一人の子どもが週3回、夕方からこの時間まで塾に通っているのは珍しくなく、高学年にもなると週4回以上、6年生ではほぼ毎日どこかの塾に通っているケースもあるほどだ。なおかつ、子どもたちは勉強の合間を縫っていろいろな習い事もこなしている。水泳、サッカー、体操教室等のスポーツ系から、ピアノ、英語、理科実験教室まで、高学年を除けば塾以外に二つ以上の習い事をしている例もよく聞く。今の小学生は、かなり忙しい。

一方で小学校の授業の様子はどうだろう。ユニークな試みを実施する学校や工夫を凝らした授業展開を行なう先生も存在する一方で、結果的にただスローペースで内容の薄い授業になってしまっているケースが多い印象も拭えないのは事実である。学校の授業は休憩の時間だと言い放つ子どもや親がいるが、そう考えるにはあまりにも帰宅後の多忙な時間とのアンバランスが際立つ。小学校の授業でもっと深い内容まで踏み込んで教えてほしい、そうすれば塾に費やす時間が少しは減るだろう、と考える親は多いはずだ。

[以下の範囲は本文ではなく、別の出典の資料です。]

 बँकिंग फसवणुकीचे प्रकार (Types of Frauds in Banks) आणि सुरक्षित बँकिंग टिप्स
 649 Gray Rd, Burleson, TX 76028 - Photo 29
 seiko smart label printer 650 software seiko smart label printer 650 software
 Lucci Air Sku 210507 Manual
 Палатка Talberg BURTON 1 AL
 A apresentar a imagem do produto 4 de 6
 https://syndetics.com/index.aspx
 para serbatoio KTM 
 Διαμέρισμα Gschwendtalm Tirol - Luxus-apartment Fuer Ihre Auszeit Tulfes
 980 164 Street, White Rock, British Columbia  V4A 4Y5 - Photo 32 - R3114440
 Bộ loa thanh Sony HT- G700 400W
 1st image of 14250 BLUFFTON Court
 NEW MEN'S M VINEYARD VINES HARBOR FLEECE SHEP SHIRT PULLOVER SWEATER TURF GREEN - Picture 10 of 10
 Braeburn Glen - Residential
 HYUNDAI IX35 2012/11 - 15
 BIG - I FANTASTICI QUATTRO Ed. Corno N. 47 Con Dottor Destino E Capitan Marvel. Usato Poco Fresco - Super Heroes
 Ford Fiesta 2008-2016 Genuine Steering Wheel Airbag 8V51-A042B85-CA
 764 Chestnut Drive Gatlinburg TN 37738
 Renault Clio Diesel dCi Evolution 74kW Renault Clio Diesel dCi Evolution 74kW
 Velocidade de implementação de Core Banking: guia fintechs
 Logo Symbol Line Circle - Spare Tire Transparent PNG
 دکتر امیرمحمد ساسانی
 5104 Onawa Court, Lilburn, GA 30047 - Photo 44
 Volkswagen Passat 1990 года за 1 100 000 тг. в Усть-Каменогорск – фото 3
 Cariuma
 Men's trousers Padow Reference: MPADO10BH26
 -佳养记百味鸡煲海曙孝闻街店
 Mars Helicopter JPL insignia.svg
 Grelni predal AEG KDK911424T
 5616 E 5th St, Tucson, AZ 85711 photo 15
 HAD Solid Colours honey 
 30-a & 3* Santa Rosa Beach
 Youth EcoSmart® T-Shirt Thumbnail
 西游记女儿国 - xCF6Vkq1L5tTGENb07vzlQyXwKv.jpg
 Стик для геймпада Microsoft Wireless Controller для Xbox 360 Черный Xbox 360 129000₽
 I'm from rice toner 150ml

文部科学省から、中央教育審議会の「教育課程部会におけるこれまでの審議のまとめ(平成19年11月7日)」が公表され、意見募集が行なわれている。学習指導要領の改訂にあたっての考え方が述べられており、その中で小学校の授業時間数の見直しも提案されている。それによると低学年で週2コマ、3年生以上で週1コマの授業時間増となっている。“ゆとり教育”の目玉の一つで各学校の特色を出す3年生以上の「総合学習」の時間が週3コマから週2コマに減り、代わりに国語・算数・理科・社会・体育の時間数が少しずつ増え、5・6年生には新たに週1コマの「外国語活動(英語)」が総合学習とは別に設定された。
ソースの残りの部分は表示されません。